Na recente discussão sobre a eutanásia faltou no Parlamento a voz dos conservadores. Dos liberais à extrema-esquerda, todos pareciam ser a favor de algum tipo de lei favorável à eutanásia. Foram poucas as vozes contrárias à lei.
É verdade que o Chega era contra, mas os cheganos são sempre do contra, muitas vezes sem saberem bem porquê. O Chega não tem um pensamento ideológico próprio e chego mesmo a questionar-me se terão algum pensamento digno desse nome. O Chega representa os frustrados; coisa diferente é representar os conservadores.
Acredito que a maioria dos portugueses são tendencialmente conservadores. Somos um povo que não gosta muito de mudanças. Por medo do desconhecido ou comodismo, somos estruturalmente avessos às novidades. Na política, mais facilmente um governo em exercício é reeleito pois, mal por mal, este já é um mal conhecido.

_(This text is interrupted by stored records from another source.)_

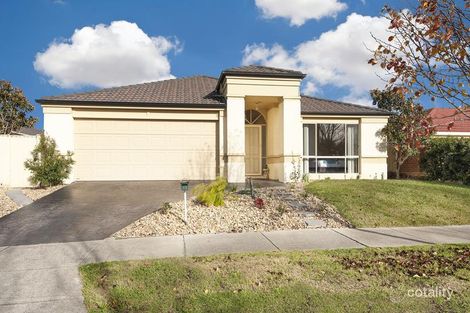 25 Highview Dr, South Morang, VIC 3752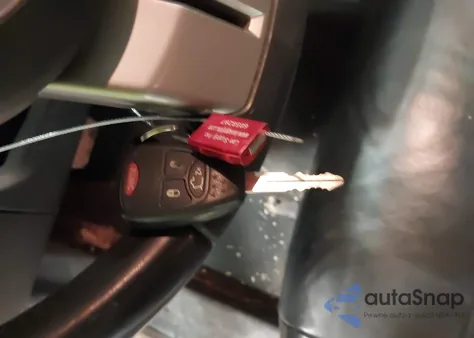 2011 Jeep Liberty Limited Edition из США, поврежденный, VIN 1J4PN5GK2BW530095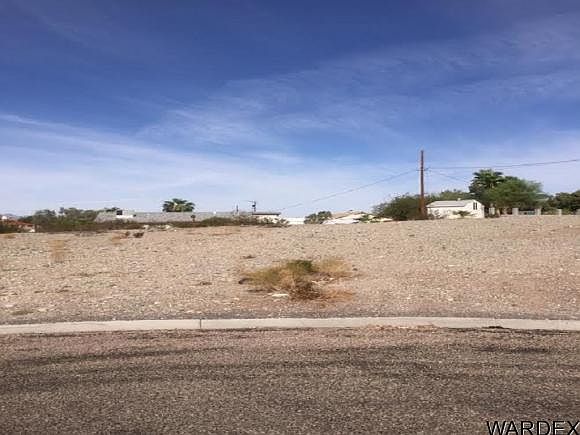 1st image of 2545 Avalon Pl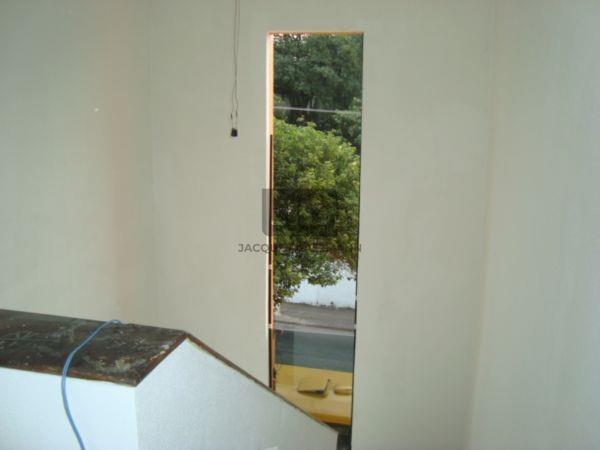 Prédio Taboão São Bernardo do Campo 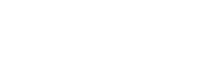 Grand Café De Zwaan 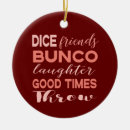Search for best friend christmas tree decorations Friends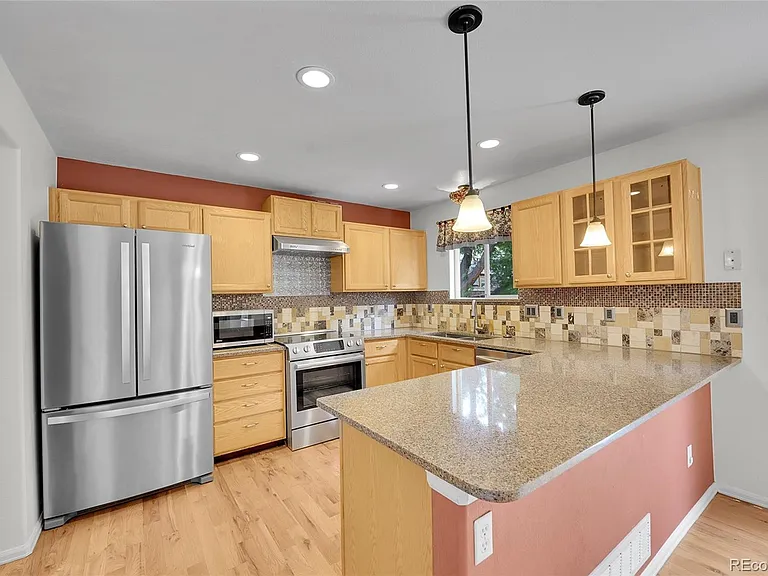 6472 W 96th Dr — Photo 5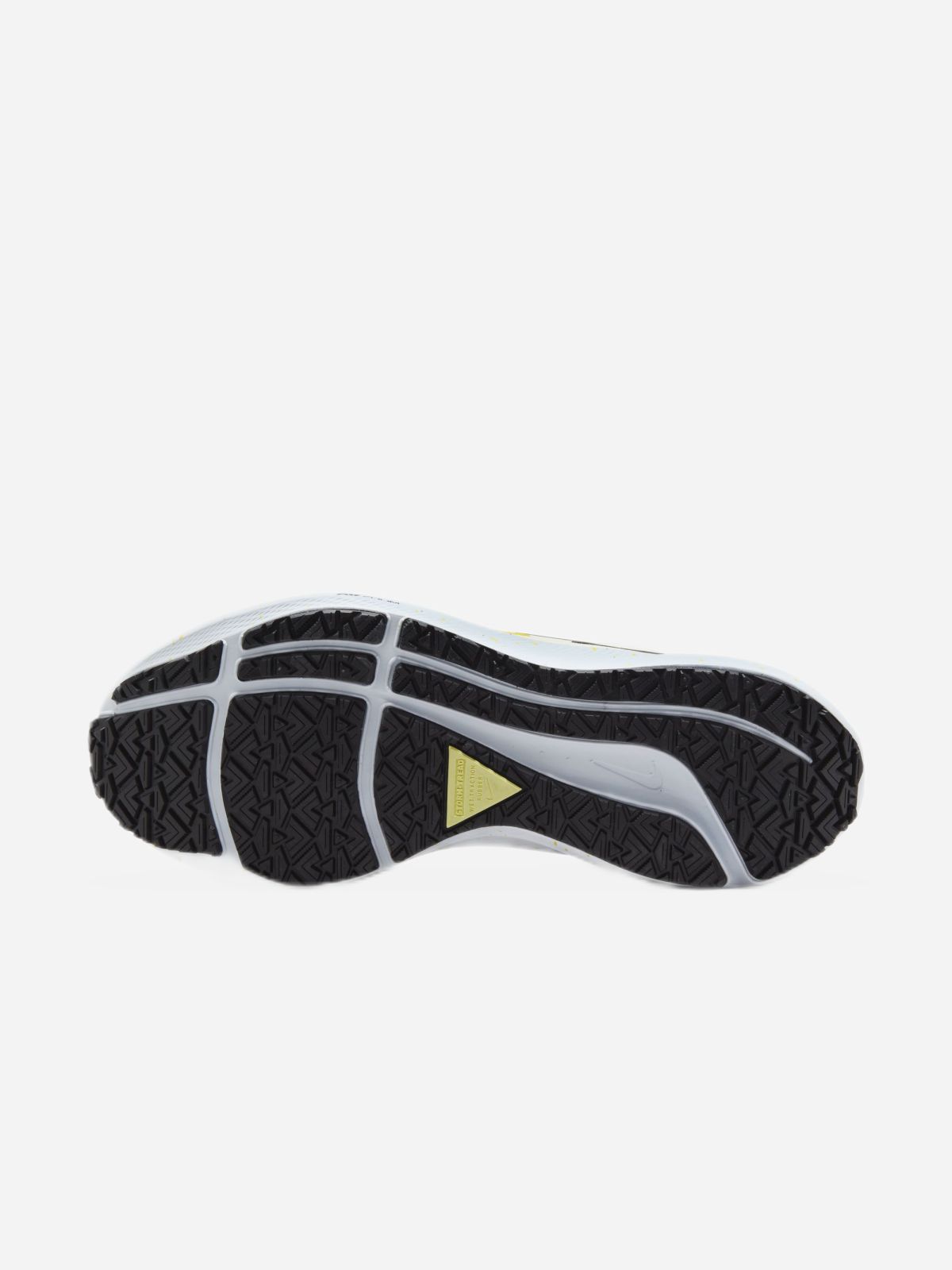  נעלי ריצה Nike Pegasus 39 Shield / נשים של NIKE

Mesmo à esquerda há muito conservadorismo. Um progressista português é um progressista conservador. O PS faz gala em rejeitar reformas. O nosso primeiro-ministro chegou a afirmar recentemente: “As reformas arrepiam-me.”
Mesmo os partidos mais à esquerda são profundamente conservadores. Tirando algumas causas fracturantes, são sempre contra qualquer mudança, mesmo quando é evidente que o modelo presente não funciona. Caso paradigmático é o do PCP, que defende a Constituição, embora tenha sempre votado contra todas as alterações e revisões que conduziram ao texto actual da nossa “Magna Carta”.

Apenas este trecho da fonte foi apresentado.